When we read about proposed legislation, for instance, we begin with the question, “How will this affect me?” We almost always begin the discussion from this self-centered perspective. As long as we are the center of our own concerns, we will find life to be difficult. Life will be filled with anxiety. We will find ourselves hiding — from God, from each other, from ourselves. Only when we find a way to reclaim and recreate the intended relationship with God, do we find a sense of joy in life, a sense of satisfaction, a sense of meaning and purpose.

And that relationship is possible.

Might it be that a part of being human is being aware that we are insufficient, that we are not complete in and of ourselves, that lack is a permanent part of our condition? To be human, in other words, is to be aware that we carry inside ourselves a hole, an emptiness that we will always be restless to fill.
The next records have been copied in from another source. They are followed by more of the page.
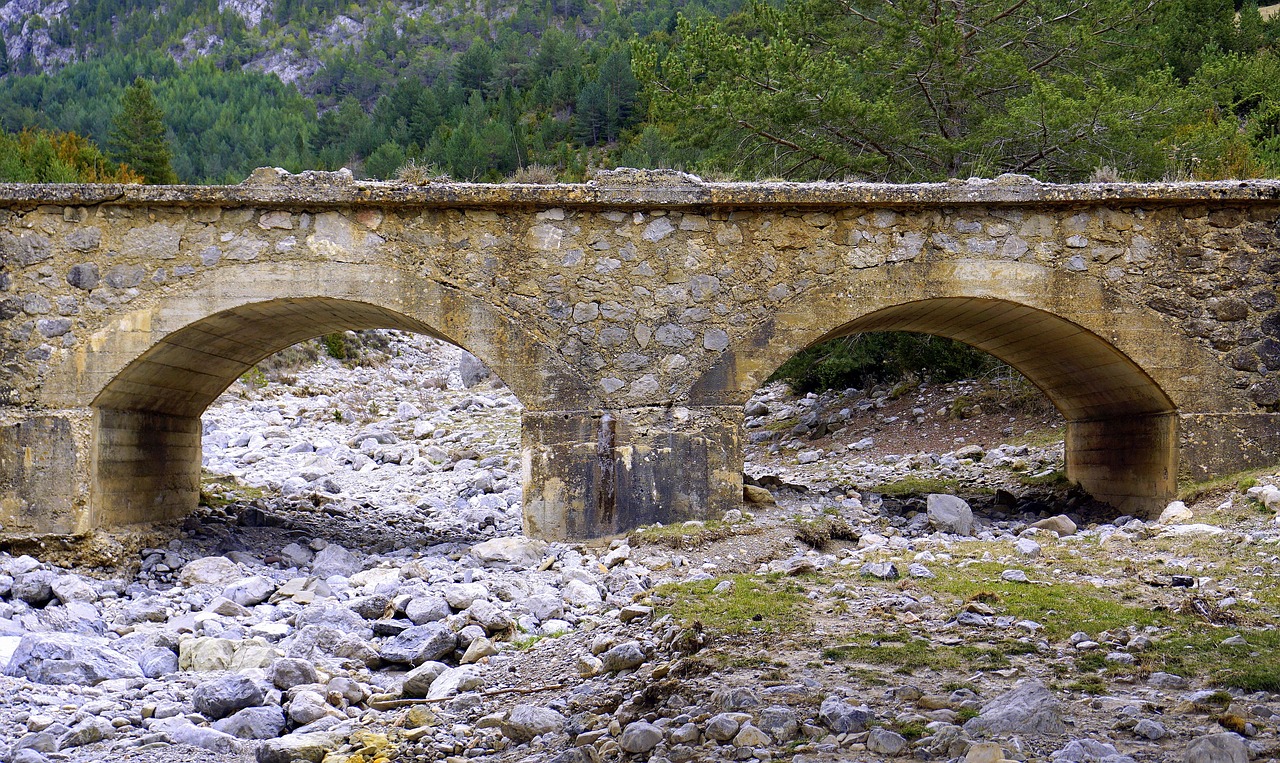 Dry river, old bridge
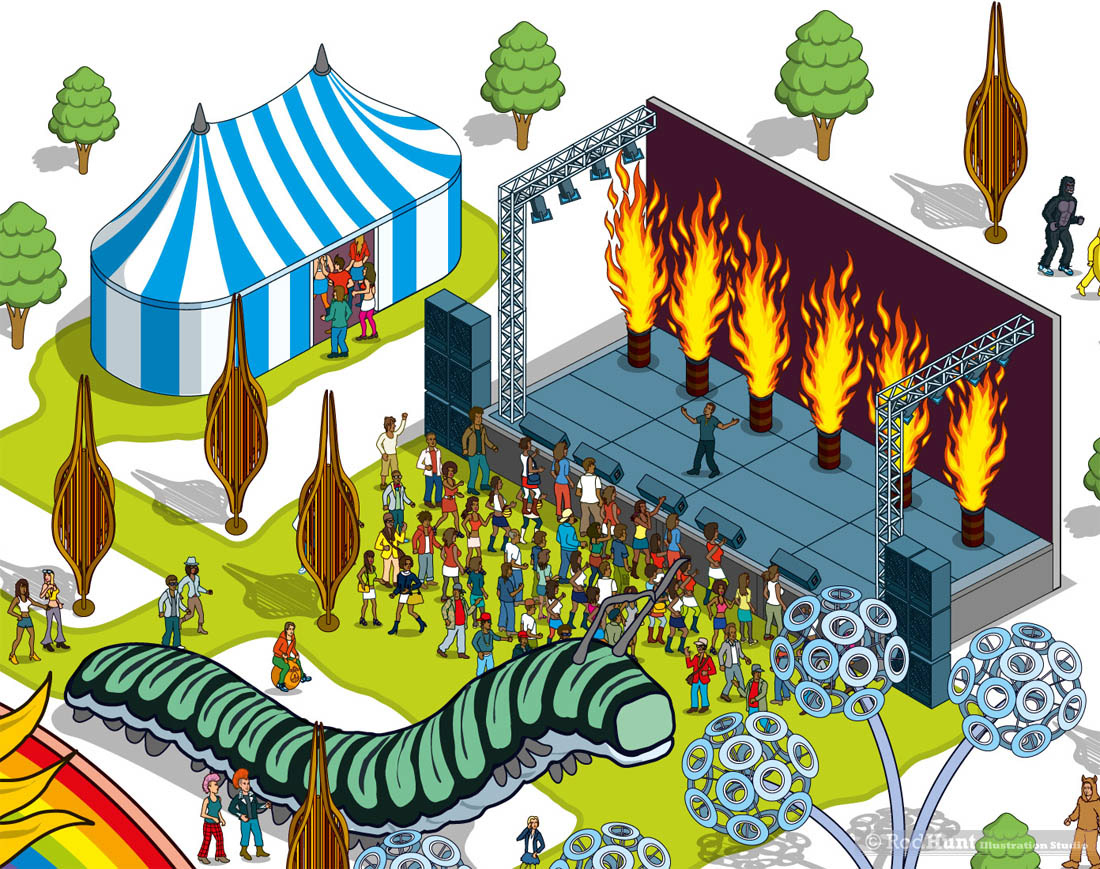 Music festival map illustration - Colourful and entertaining illustrated maps for Music Festivals 
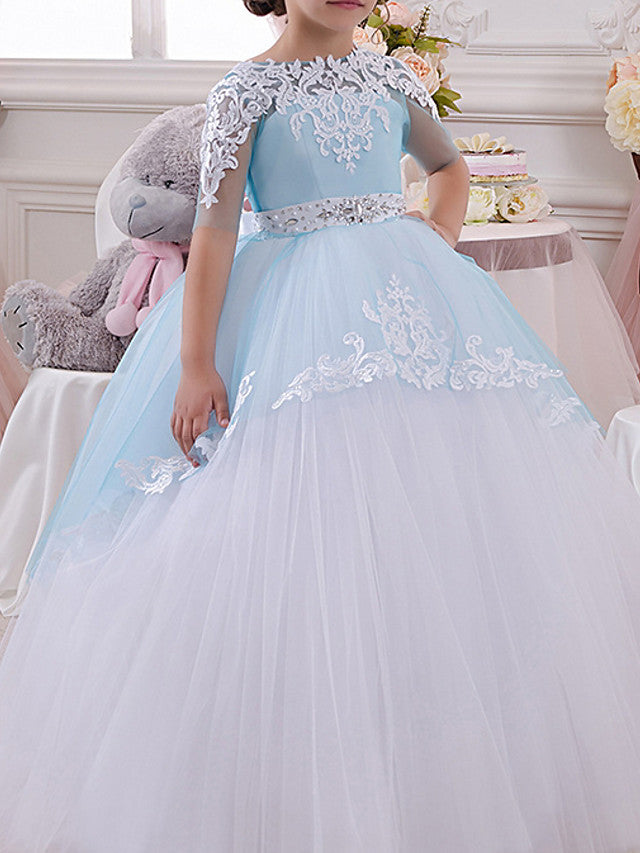 Vestido largo de gala para niña de las flores, con cuello joya, tul y encaje, con mangas.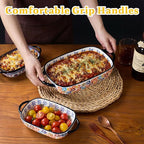 Ceramic Casserole Dishes for Oven, Hand-painted Polish Pottery Baking Dish Set of 2, 0.8QT / 2QT Porcelain Casserole Dish with Handles, Baking Pan Lasagna Pan, Gift for Family/Friend (Yellow)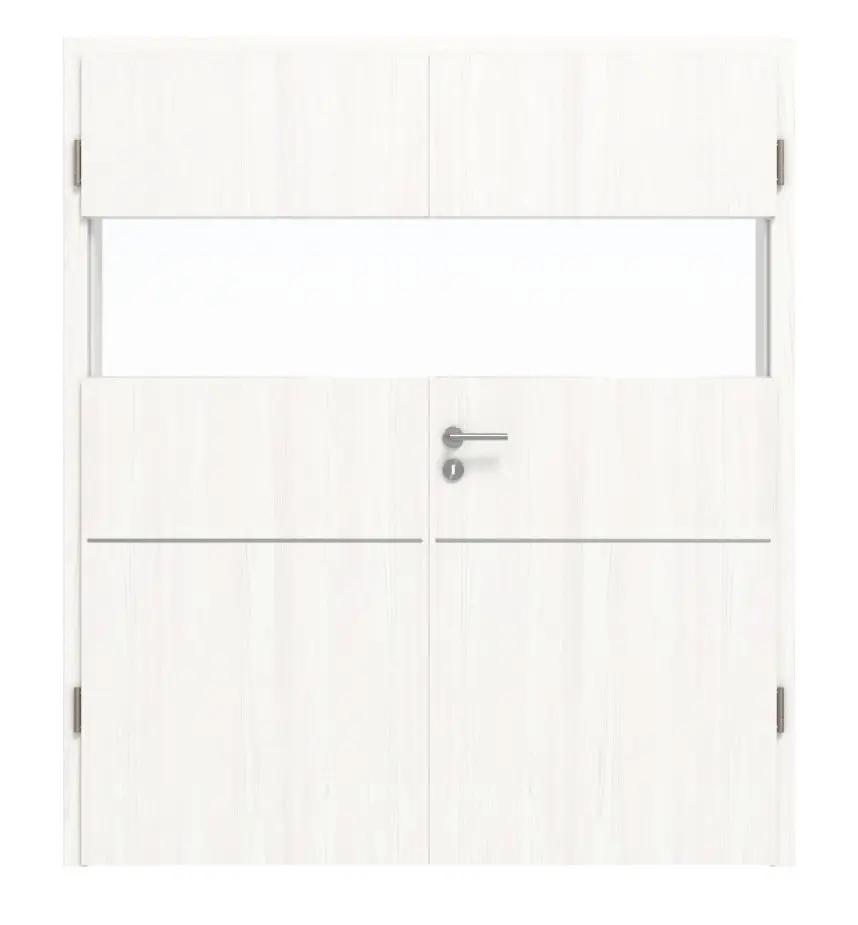 HÖRMANN drzwi dwuskrzydłowe Pure 2 biel szczotkowana Duradecor DesignLine z przeszkleniem układ poprzeczny z lizeną 79 i ościeżnicą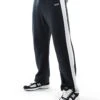 Hollister Baggy Varsity Side Stripe Jogger In Black For Men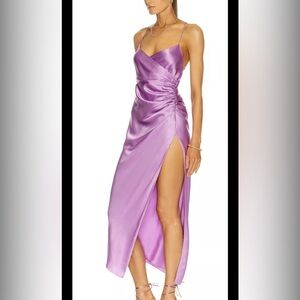 THE SEI Silk Stappy Gathered Dress Lilac Purple Size 4 $1270 ; wedding prom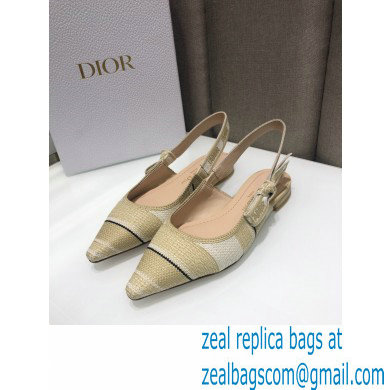 Dior J'Adior Slingback Ballerina Flats Beige Embroidered Cotton with Stripes Motif 2021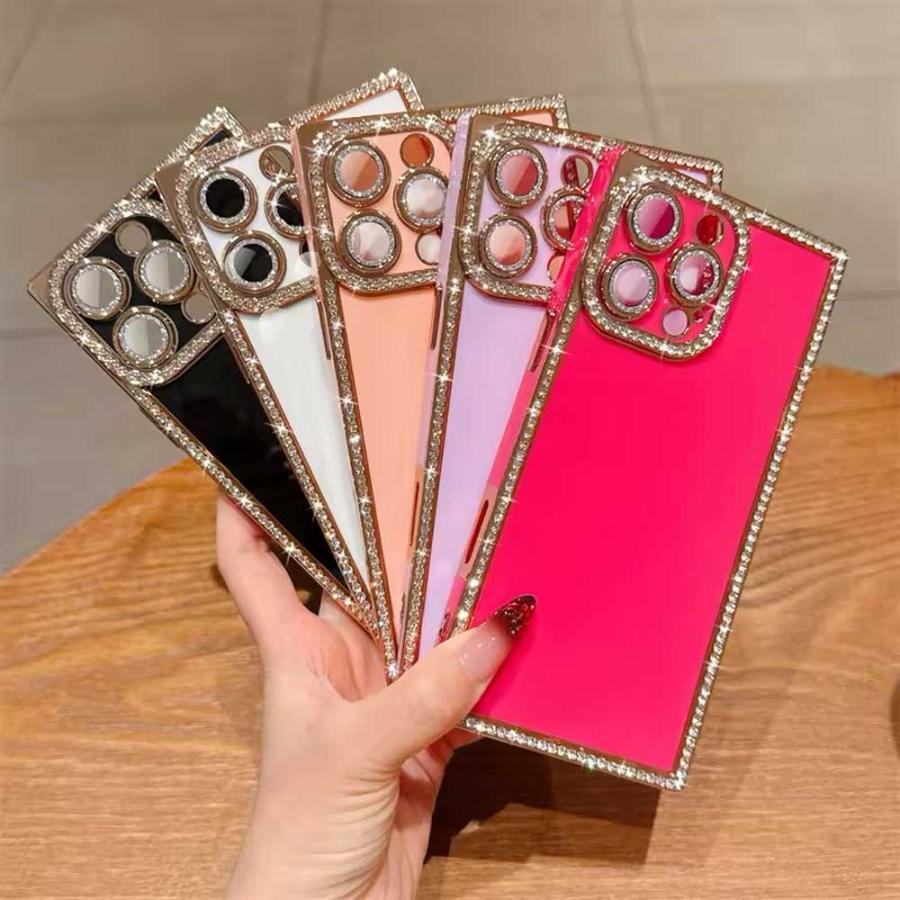 iPhone スクエア ラメ キラキラ ソフト ダイヤモンド 全5色 ケース 17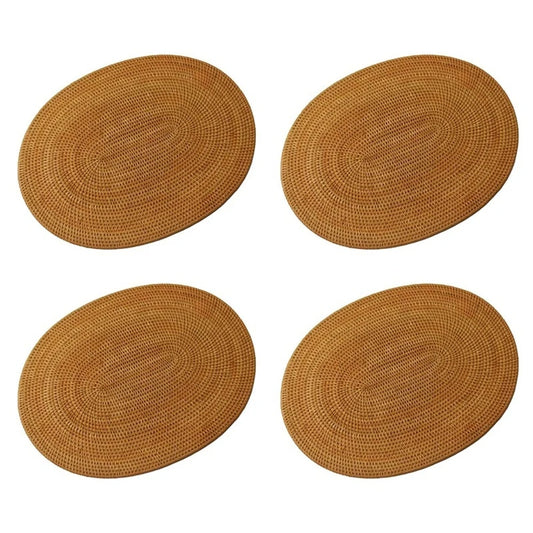 Lot de 4 sets de table rotin ovales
Adam and Eve behold the fruit and conclude in a heartbeat that their hole is shaped just like that fruit. Yet after they eat, the emptiness remains. Today we might imagine that hole to be shaped just like a new car, or computer, or better house, or the perfect spouse.

But after laboring and sacrificing and obtaining these things, the emptiness remains. Blaise Pascal once described this essential condition of humanity as having a “God-shaped hole,” and this is what Jesus demonstrates. There is no filling of that gap, no permanent erasing that hole, except in and through our relationship with God. Or, as Augustine said, we humans are always restless until we rest in God.

Yet that, also, isn’t quite the full picture. To be Christian is not to have that hole, that need, erased once and for all. Rather, to be human is to accept that we are, finally, created for relationship with God and with each other. Perhaps the goal of the life of faith isn’t to escape limitation but to discover God amidst our needs and learn, with Paul, that God’s grace is sufficient for us.

Perhaps faith doesn’t do away with the hardships that are part and parcel of this life, but instead gives us the courage to stand amid them, not simply surviving but actually flourishing in and through Jesus, the one who was tempted as we are and therefore knows our struggles first hand. This same Jesus now invites us to find both hope and courage in the God who named not only him, but all of us, beloved children so that we, also, might discover who we are by recalling whose we are. The ashes on Ash Wednesday remind us that we are God’s property. We are God’s beloved children. God is inviting us into a deeper relationship with him. Will we accept? Amen.